Apesar de reconhecer avanços nas medidas já adotadas, Dino avaliou que providências adicionais e urgentes são necessárias para assegurar o cumprimento integral do acórdão do STF. “O foco da presente decisão é a adoção de medidas repressivas imediatas contra organizações criminosas que atuam na Amazônia”, afirmou o ministro na decisão.
STF aponta facções como principal obstáculo ambiental
Segundo Flávio Dino, diversos processos estruturais em curso no seu gabinete têm conduzido à mesma conclusão: a forte presença de facções criminosas na Amazônia Legal é um dos principais obstáculos à superação de crimes ambientais, invasão de terras públicas, garimpo ilegal e violência contra indígenas e outras comunidades tradicionais. Para o ministro, o enfrentamento ao crime organizado é condição essencial para que as políticas de proteção ambiental e territorial possam produzir resultados efetivos na região.
Entre as ações que devem ser planejadas ou ampliadas, a decisão elenca operações da Polícia Federal, da Polícia Rodoviária Federal e de outros órgãos de segurança; operações conjuntas com as polícias estaduais no território da Amazônia Legal; e a ampliação da presença das Forças Armadas, sobretudo na faixa de fronteira e nos locais mais críticos. O ministro incluiu ainda a possibilidade de decretação de operações de Garantia da Lei e da Ordem (GLO), se necessário, com exercício do pleno poder de polícia.
Dino ressaltou, no entanto, que a decisão não trata do Plano de Prevenção e Controle do Desmatamento na Amazônia (PPCDAM) nem de planos similares de cunho estratégico, mas sim de respostas repressivas imediatas ao avanço do crime organizado na região.
Polícia Federal registra avanços, mas índices ainda preocupam
Os relatórios da Polícia Federal apresentados ao STF demonstraram melhoria contínua nos indicadores de apuração dos incêndios florestais.
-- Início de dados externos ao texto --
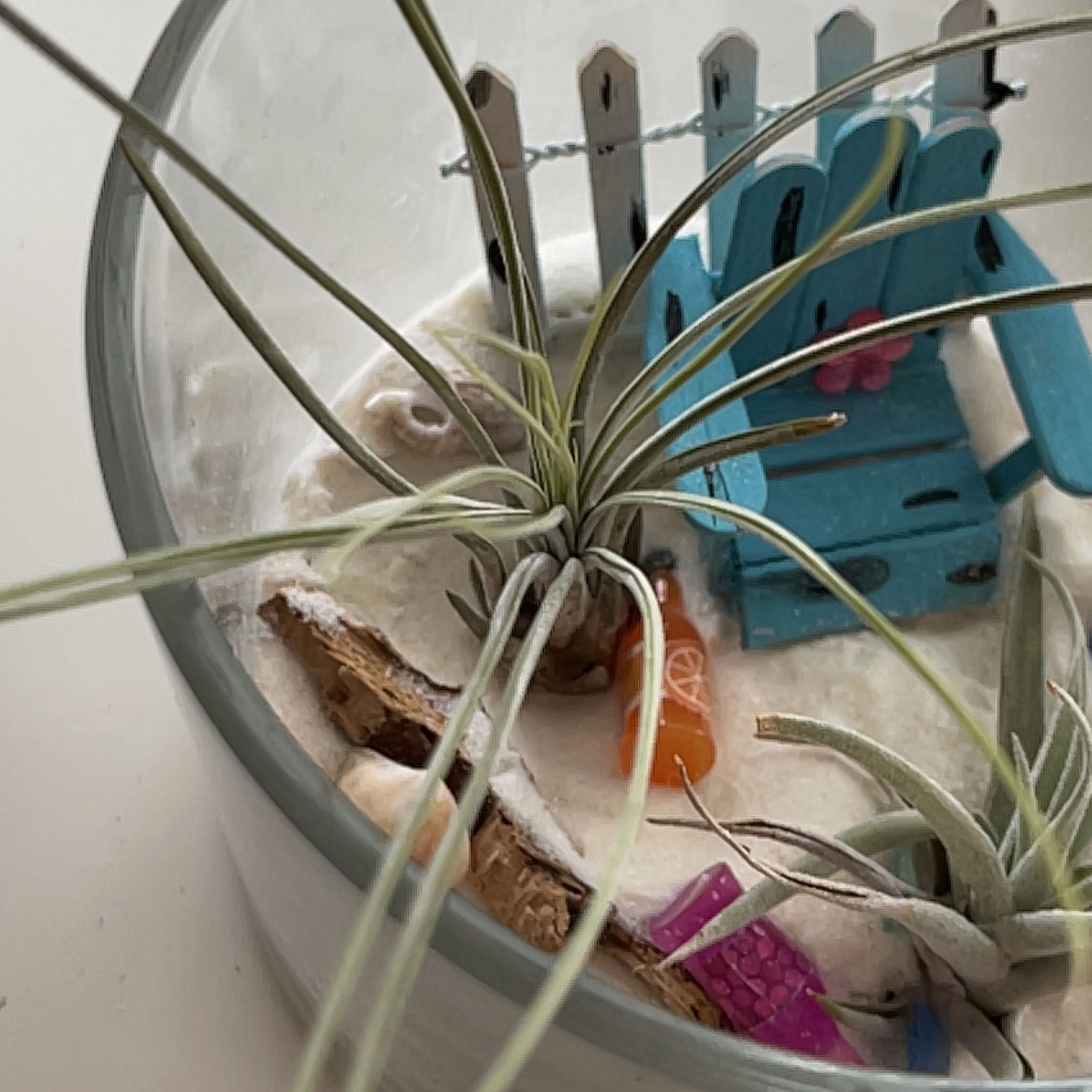 Photo of the plant species Circinata by @ActualAmurmaple named Circe on Greg, the plant care app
Dos 143 inquéritos instaurados em 2024, 97 já foram relatados, representando 68% do total. A duração média das investigações caiu para 258 dias, bem abaixo da média geral de 451 dias, e a taxa de resolução dessas demandas alcançou 81,3% em 2025.
Em 2025, foram deflagradas 15 operações, expedidos 17 mandados de busca e apreensão e decretadas duas prisões preventivas. O avanço é atribuído ao reforço das equipes nos estados mais críticos e ao uso ampliado de tecnologia com imagens de satélite para a coleta de provas. Em maio de 2025, durante audiência de contextualização presidida pelo próprio ministro, foi determinada ainda a instauração de inquéritos policiais para apuração de crimes como incêndios florestais, com acompanhamento periódico das investigações e das operações deflagradas.
Apesar dos números positivos, Dino avaliou que as medidas adotadas ainda se mostram insuficientes diante da dimensão do problema e da escalada da violência na região.
Assassinatos históricos evidenciam gravidade da situação
O ministro lembrou casos emblemáticos de violência na Amazônia para reforçar a urgência das medidas determinadas. Os assassinatos de Chico Mendes, da missionária Irmã Dorothy Stang, do indigenista Bruno Pereira e do jornalista Dom Phillips foram citados como exemplos de uma tragédia recorrente que atinge não apenas as florestas e os povos tradicionais, mas também as cidades da região, alcançadas no dia a dia pelo poder das facções criminosas.